Nathan Myhrvold, the former Microsoft Chief Technology Officer and co-founder of Intellectual Ventures, an invention capital firm with more than $5 billion under management, was criticized by many environmentalists when he suggested in 2009 that limiting carbon emissions is an insufficient strategy for reversing climate change.
"I think that you have to be an incredible optimist, or you have to believe that it's not a severe problem, to think that that's the only solution we should investigate right now," Myhrvold said.
Instead, Myhrvold touted a technology called the StratoShield [PDF], a form of geoengineering that would pump sulfur-bearing aerosols in the stratosphere to decrease the amount of sunlight reaching the earth.
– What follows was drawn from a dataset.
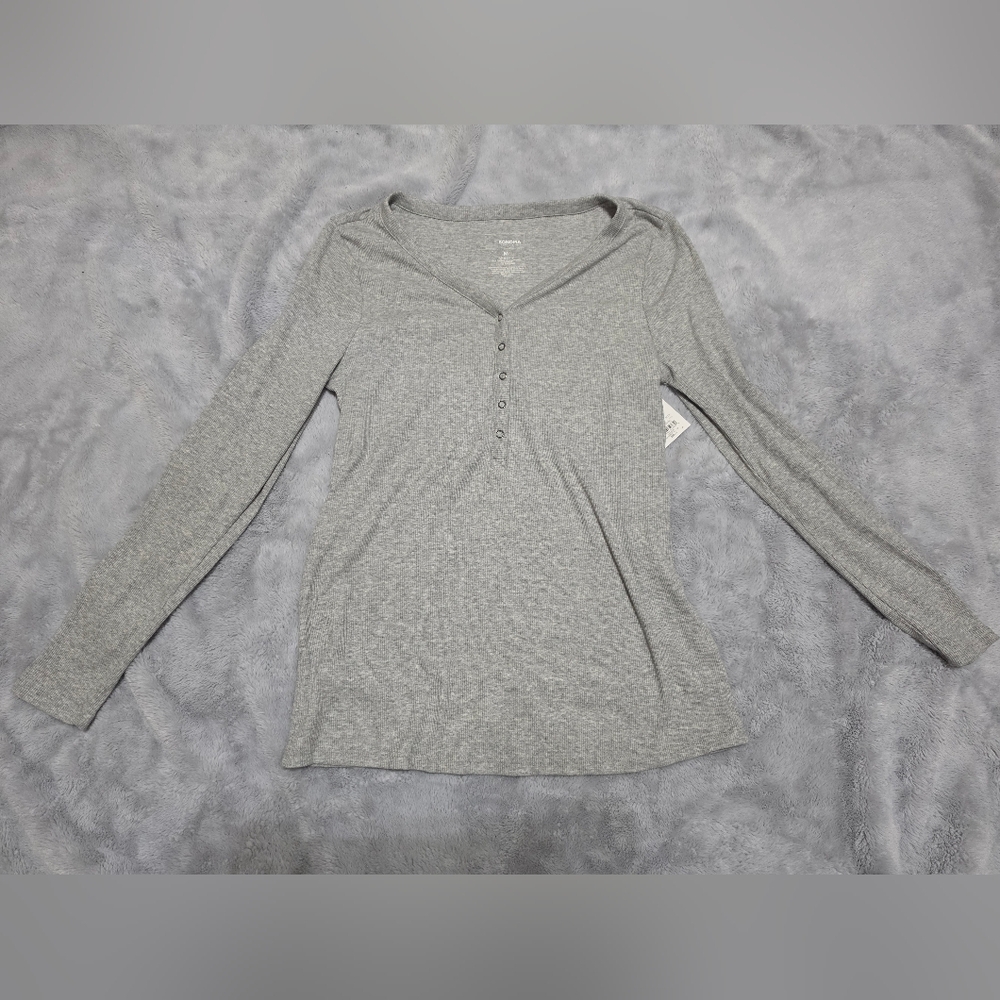 Women’s Light Gray Long-Sleeve Henley Top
A new study authored by Myhrvold and Ken Caldeira of the Carnegie Institution for Science does not suggest stratospheric shields or other geoengineering solutions to the climate crisis. Nevertheless, the study does continue to paint a gloomy picture of emissions reduction strategies as effective ways of combating climate change, at least in the near term.
"Rapid deployment of low-emission energy systems can do little to diminish the climate impacts in the first half of this century," the authors state.
"Shifting from one energy system to another is hard work and a slow process," Caldeira said. "It takes several decades for the climate system to fully respond to reductions in emissions. If we expect to see substantial benefits in the second half of this century, we had better get started now."
Furthermore, "You have to use the energy system of today to build the new-and-improved energy system of tomorrow, and unfortunately that means creating more emission in the near-term than we would otherwise," Myhrvold added. "So we incur a kind of 'emissions debt' in making the transition to a better system, and it can take decades to pay that off. Meanwhile, the temperature keeps rising."
The study warns that the need for a large-scale transition to clean energy technologies, along with energy efficiency measures, is urgent. "Delaying rollouts of low-carbon-emission energy technologies risks even greater environmental harm in the second half of this century and beyond," it states.
On the other hand, even if every coal-fired power plant in existence were converted to natural gas, it "cannot yield substantial temperature reductions this century." According to the study, such a transition would result in global temperature within a tenth of a degree of the warming that coal-fired plants would produce.
"Rapid deployment of low-emission energy systems can do little to diminish the climate impacts in the first half of this century," the study concludes. "Conservation, wind, solar, nuclear power, and possibly carbon capture and storage appear to be able to achieve substantial climate benefits in the second half of this century; however, natural gas cannot."